Section 43 More Data Management


43.1 Data

set.seed(123)

ID <- paste0('S',1:5)
Sex <- sample(x = c('M','F'), size = length(ID), replace = TRUE)
Ht1 <- sample(45:55, size = length(ID), replace = FALSE)
Ht2 <- sample(60:70, size = length(ID), replace = TRUE)
Ht3 <- sample(75:85, size = length(ID), replace = TRUE)

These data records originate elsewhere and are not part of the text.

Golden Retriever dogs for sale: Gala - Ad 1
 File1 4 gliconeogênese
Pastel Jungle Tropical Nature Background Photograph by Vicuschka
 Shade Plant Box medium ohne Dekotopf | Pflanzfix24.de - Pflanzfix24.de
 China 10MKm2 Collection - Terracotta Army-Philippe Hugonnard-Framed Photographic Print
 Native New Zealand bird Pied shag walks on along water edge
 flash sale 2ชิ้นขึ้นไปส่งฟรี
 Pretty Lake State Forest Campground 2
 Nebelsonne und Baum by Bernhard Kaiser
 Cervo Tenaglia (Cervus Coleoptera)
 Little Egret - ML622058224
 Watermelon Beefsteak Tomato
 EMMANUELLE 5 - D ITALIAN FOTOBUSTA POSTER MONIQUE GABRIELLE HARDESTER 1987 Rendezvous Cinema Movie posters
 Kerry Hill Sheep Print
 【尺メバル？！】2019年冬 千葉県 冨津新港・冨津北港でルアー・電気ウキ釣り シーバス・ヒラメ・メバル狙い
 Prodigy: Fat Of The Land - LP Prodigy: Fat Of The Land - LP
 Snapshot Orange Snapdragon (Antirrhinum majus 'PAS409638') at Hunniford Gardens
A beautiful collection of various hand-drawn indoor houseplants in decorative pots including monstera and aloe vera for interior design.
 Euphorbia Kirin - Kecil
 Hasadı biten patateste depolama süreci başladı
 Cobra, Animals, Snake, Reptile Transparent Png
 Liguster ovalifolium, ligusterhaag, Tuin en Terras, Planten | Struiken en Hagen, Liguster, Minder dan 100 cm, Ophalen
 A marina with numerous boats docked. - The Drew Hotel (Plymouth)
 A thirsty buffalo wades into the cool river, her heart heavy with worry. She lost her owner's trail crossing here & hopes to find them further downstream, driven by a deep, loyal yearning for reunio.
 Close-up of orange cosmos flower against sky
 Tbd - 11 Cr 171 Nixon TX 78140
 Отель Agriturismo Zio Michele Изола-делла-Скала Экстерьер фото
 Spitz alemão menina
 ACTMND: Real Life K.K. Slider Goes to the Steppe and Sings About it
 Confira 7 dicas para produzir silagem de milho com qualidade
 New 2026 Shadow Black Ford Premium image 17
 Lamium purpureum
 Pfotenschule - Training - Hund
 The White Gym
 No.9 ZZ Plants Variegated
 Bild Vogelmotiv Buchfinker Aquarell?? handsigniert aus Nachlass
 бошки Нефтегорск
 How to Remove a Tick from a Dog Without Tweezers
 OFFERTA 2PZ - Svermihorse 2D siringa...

DF <- data.frame(ID=ID, Sex=Sex, Ht1=Ht1, Ht2=Ht2, Ht3=Ht3)

# Some missing values
DF[2,2] <- NA
DF[3,3] <- NA
DF[4,5] <- NA
DF[5,4] <- NA

# A duplicate ID

DF <- rbind(DF, DF[5,])

# DF


43.2 duplicated

index <- duplicated(DF)

index

DF[index,]

DF[!index,]


43.3 unique

unique(DF$ID)

length(unique(DF$ID))


43.4 is.na

index <- is.na(DF$Sex)

DF[!index,]


43.5 na.omit

DF1 <- na.omit(DF)
DF1


43.6 complete.cases

index <- complete.cases(DF)
index
DF[index,]


43.7 Exercise

  • In Statistics, bootstrapping is a technique that relies on random sampling with replacement. It is used to estimate the distribution of a sample statistic. Identify how we can implement the bootstrapping strategy in R.

  • The sampling distributions under the null hypothesis can be be obtained by the permutation test (or randomisation test) in which we resample the observed data. Identify how we can implement the permutation test strategy in R.